As the author of my own story, I’ve tried to write the book that I would want to read. While I describe my childhood and younger days in school, I’ve included them only so that you may gather a deeper understanding of some of my life decisions—decisions that give some context to my journey and reveal a process that is both universal and uniquely my own.
I organized this book in the way I like to read a memoir: by the key moments that have defined me. Because of that, if you don’t feel like joining me in my high school garage band then, by all means, jump to the chapter where I was homeless in a park or the one where I recorded the beginnings of the iconic NBA theme song, “Roundball Rock,” on my answering machine or the chapter where I detail the creative process of composing music for the Tour de France—a process I still use today. It’s all okay by me, because I am not recounting my life as a running diary of catharsis, as a list of examples of bravado, or even as a stroke to my ego. Instead, I am unpacking the pivotal moments in my journey in the hope that I can do for readers what other authors have done for me.

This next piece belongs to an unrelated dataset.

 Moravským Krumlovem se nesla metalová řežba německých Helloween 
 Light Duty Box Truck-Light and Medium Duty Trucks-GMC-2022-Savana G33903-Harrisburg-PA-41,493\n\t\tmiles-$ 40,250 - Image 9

This book is an invitation for you to take a look at my collection of inexplicable successes (and failures) and to find something in my personal road map—as unplanned and haphazardly drawn as it was at times—that can offer you guidance toward the kinds of outcomes I have been fortunate enough to enjoy. Even if the specifics of my life do not resonate at all with the particulars of your hopes and dreams, I still believe there is something in this book for you. I wouldn’t have written it otherwise. As I write this, I could be in the pool with my three grandkids, but I want to share this roller-coaster life of mine with you because, somewhere in these pages, I believe you’ll find a piece of yourself. In fact, I’m sure of it.
Let’s begin.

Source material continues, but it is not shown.